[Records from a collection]
────

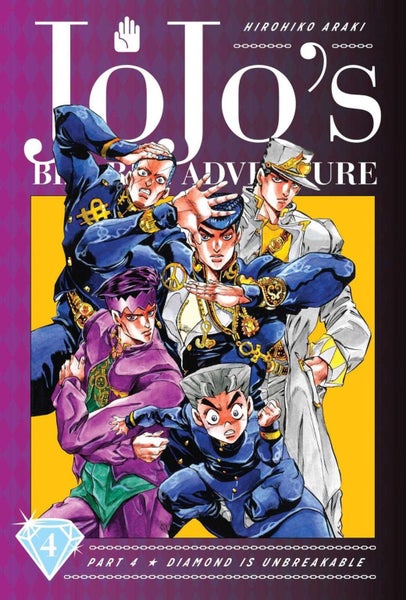 JoJo's Bizarre Adventure: Part 4--Diamond Is Unbreakable, Vol. 4 by Hirohiko Ara Carousel 1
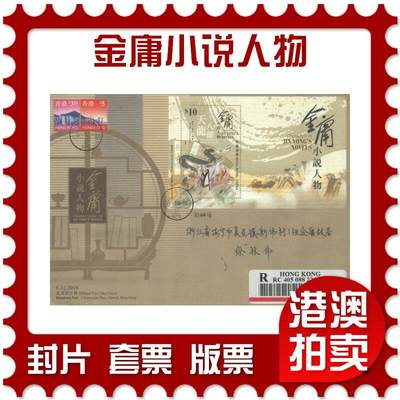 04月19日19:30大陆、澳门、香港邮政精品首日实寄封拍卖专场 - 2018香港《金庸小说人物》官封首日实寄封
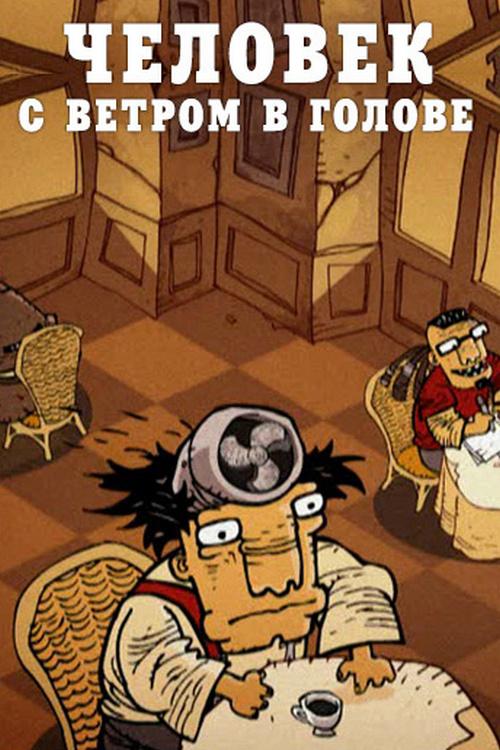 Человек с ветром в голове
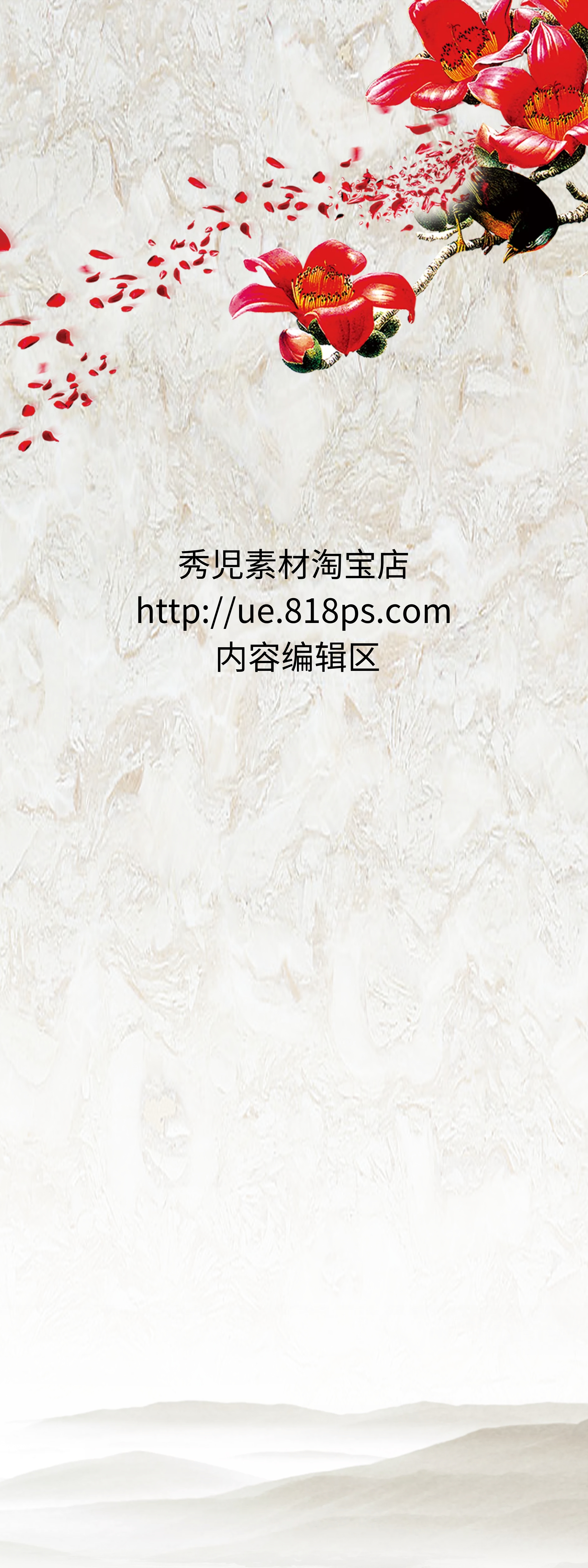 古风素材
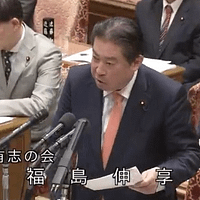 福島伸享衆議院議員が2月下旬、国会で質疑に立った。(写真/衆議院ウェブサイトより) 福島伸享衆議院議員が2月下旬、国会で質疑に立った。(写真/衆議院ウェブサイトより)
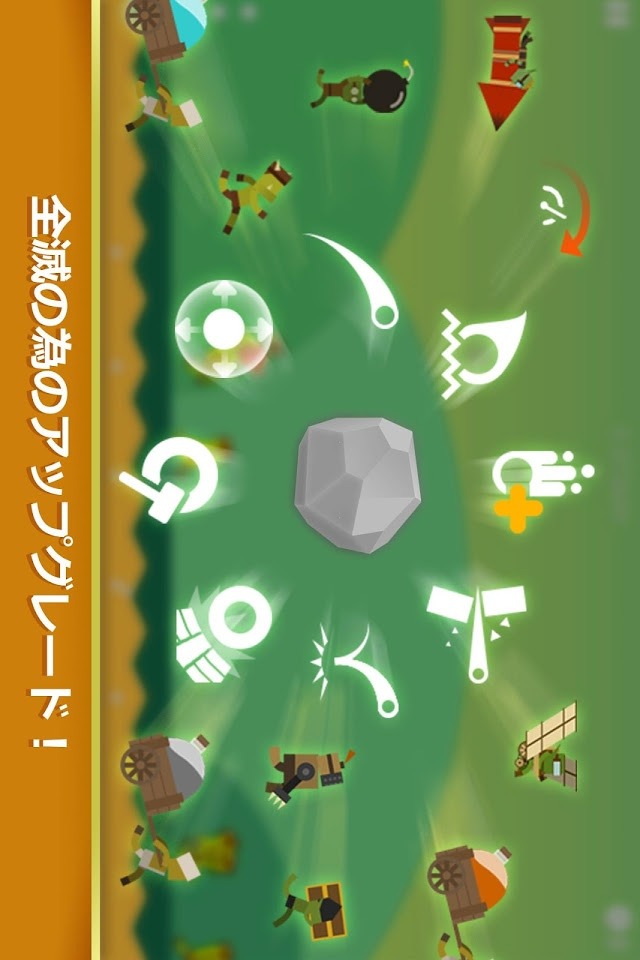 SLAM BANG: Stone Ageのスクリーンショット_3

────

What the exercise asks | If an entry above holds a picture, leave that picture out and print the rest exactly.

Answer to this exercise |
 JoJo's Bizarre Adventure: Part 4--Diamond Is Unbreakable, Vol. 4 by Hirohiko Ara Carousel 1
 04月19日19:30大陆、澳门、香港邮政精品首日实寄封拍卖专场 - 2018香港《金庸小说人物》官封首日实寄封
 Человек с ветром в голове
 古风素材
 福島伸享衆議院議員が2月下旬、国会で質疑に立った。(写真/衆議院ウェブサイトより) 福島伸享衆議院議員が2月下旬、国会で質疑に立った。(写真/衆議院ウェブサイトより)
 SLAM BANG: Stone Ageのスクリーンショット_3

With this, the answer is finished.